_THE TASK_
The expected answer is the set of lines in the data below between the line holding "A stunning young" and the line holding "Tags: 21872187, SDXL", inclusive, written out exactly.

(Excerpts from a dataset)
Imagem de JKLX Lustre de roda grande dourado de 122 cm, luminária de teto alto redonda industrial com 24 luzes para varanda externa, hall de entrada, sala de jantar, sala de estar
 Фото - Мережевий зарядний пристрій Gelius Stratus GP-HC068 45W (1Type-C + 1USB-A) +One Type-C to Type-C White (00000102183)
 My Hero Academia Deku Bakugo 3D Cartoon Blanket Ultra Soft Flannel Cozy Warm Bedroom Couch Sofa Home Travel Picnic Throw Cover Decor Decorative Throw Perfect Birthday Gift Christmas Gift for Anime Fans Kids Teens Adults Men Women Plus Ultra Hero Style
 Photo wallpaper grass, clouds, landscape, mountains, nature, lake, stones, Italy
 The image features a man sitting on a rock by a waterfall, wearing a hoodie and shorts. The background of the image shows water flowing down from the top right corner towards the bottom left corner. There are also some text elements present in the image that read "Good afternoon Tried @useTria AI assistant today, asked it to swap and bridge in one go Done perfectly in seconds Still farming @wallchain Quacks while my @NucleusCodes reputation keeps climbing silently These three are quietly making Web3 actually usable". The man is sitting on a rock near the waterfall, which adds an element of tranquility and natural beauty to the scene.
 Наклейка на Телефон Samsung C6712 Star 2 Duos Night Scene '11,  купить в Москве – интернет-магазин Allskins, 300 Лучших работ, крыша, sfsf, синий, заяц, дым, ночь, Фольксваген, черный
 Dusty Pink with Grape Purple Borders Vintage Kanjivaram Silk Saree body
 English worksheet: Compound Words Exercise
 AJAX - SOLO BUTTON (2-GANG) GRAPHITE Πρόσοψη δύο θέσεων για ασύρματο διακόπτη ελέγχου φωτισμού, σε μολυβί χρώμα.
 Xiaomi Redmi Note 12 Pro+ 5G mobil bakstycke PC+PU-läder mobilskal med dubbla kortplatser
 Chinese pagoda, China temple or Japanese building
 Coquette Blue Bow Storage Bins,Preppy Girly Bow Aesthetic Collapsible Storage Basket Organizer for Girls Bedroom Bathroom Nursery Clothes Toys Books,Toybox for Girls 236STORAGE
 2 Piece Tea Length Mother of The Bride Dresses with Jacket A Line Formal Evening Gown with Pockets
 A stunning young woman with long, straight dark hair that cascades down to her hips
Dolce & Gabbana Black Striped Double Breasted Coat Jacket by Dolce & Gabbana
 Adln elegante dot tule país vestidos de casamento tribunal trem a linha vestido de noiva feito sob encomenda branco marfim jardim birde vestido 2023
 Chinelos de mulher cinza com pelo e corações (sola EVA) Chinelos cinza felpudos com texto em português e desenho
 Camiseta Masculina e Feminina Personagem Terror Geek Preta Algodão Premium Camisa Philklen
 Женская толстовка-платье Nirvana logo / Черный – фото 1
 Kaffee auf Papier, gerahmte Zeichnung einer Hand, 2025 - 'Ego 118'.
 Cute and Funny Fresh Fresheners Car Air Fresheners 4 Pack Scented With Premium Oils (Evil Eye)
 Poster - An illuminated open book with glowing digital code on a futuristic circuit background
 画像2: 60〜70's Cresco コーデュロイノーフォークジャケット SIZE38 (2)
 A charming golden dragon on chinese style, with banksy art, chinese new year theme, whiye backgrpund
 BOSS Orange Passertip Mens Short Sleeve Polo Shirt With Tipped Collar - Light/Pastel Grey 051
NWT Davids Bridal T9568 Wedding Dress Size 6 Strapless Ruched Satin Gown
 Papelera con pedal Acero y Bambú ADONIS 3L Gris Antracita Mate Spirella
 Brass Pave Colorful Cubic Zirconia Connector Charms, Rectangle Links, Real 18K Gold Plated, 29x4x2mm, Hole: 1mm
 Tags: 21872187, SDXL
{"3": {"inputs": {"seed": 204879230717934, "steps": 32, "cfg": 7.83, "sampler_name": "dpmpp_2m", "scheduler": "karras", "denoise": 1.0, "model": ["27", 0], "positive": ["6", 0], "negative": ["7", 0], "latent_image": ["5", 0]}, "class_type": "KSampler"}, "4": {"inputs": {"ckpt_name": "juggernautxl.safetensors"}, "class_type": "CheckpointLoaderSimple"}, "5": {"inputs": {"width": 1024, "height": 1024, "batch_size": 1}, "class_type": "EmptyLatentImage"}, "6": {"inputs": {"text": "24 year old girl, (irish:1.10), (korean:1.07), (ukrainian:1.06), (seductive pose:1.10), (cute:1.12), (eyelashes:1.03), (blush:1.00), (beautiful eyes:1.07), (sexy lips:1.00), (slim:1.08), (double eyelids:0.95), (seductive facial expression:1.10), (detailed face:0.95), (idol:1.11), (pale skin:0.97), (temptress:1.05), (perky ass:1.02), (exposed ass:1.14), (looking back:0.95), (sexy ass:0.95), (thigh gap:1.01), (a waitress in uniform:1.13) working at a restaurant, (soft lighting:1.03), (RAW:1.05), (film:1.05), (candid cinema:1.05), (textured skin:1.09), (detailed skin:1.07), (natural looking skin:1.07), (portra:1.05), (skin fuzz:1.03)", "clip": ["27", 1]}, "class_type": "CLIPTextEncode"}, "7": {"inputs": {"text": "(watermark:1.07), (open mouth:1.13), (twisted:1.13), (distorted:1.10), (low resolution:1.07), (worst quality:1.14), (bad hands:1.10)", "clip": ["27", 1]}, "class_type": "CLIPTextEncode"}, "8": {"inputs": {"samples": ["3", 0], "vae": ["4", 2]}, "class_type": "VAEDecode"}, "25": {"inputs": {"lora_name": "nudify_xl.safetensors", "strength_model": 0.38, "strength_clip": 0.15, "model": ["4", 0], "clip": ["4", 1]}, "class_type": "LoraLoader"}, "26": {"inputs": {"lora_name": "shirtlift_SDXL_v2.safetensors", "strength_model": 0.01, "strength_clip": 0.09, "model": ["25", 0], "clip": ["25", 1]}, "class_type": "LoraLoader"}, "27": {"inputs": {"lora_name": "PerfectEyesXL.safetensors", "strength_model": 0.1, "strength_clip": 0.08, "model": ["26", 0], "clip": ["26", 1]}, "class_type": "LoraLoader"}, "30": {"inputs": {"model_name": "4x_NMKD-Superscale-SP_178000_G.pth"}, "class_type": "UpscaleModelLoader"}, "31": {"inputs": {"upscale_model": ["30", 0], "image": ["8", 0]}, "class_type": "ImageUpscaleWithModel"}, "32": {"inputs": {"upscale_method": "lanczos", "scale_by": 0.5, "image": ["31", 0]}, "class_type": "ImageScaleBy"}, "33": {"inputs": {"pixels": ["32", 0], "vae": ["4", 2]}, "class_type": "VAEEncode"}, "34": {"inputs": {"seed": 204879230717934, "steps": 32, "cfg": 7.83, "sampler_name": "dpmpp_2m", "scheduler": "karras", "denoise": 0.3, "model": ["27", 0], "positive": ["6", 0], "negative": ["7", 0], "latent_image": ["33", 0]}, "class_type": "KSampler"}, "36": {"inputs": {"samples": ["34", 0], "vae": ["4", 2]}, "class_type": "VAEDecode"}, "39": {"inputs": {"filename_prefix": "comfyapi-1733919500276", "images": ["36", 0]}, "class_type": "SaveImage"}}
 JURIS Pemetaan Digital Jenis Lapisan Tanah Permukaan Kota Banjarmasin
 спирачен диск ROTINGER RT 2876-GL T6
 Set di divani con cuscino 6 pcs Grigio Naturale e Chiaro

_OUTPUT BELOW_
 A stunning young woman with long, straight dark hair that cascades down to her hips
Dolce & Gabbana Black Striped Double Breasted Coat Jacket by Dolce & Gabbana
 Adln elegante dot tule país vestidos de casamento tribunal trem a linha vestido de noiva feito sob encomenda branco marfim jardim birde vestido 2023
 Chinelos de mulher cinza com pelo e corações (sola EVA) Chinelos cinza felpudos com texto em português e desenho
 Camiseta Masculina e Feminina Personagem Terror Geek Preta Algodão Premium Camisa Philklen
 Женская толстовка-платье Nirvana logo / Черный – фото 1
 Kaffee auf Papier, gerahmte Zeichnung einer Hand, 2025 - 'Ego 118'.
 Cute and Funny Fresh Fresheners Car Air Fresheners 4 Pack Scented With Premium Oils (Evil Eye)
 Poster - An illuminated open book with glowing digital code on a futuristic circuit background
 画像2: 60〜70's Cresco コーデュロイノーフォークジャケット SIZE38 (2)
 A charming golden dragon on chinese style, with banksy art, chinese new year theme, whiye backgrpund
 BOSS Orange Passertip Mens Short Sleeve Polo Shirt With Tipped Collar - Light/Pastel Grey 051
NWT Davids Bridal T9568 Wedding Dress Size 6 Strapless Ruched Satin Gown
 Papelera con pedal Acero y Bambú ADONIS 3L Gris Antracita Mate Spirella
 Brass Pave Colorful Cubic Zirconia Connector Charms, Rectangle Links, Real 18K Gold Plated, 29x4x2mm, Hole: 1mm
 Tags: 21872187, SDXL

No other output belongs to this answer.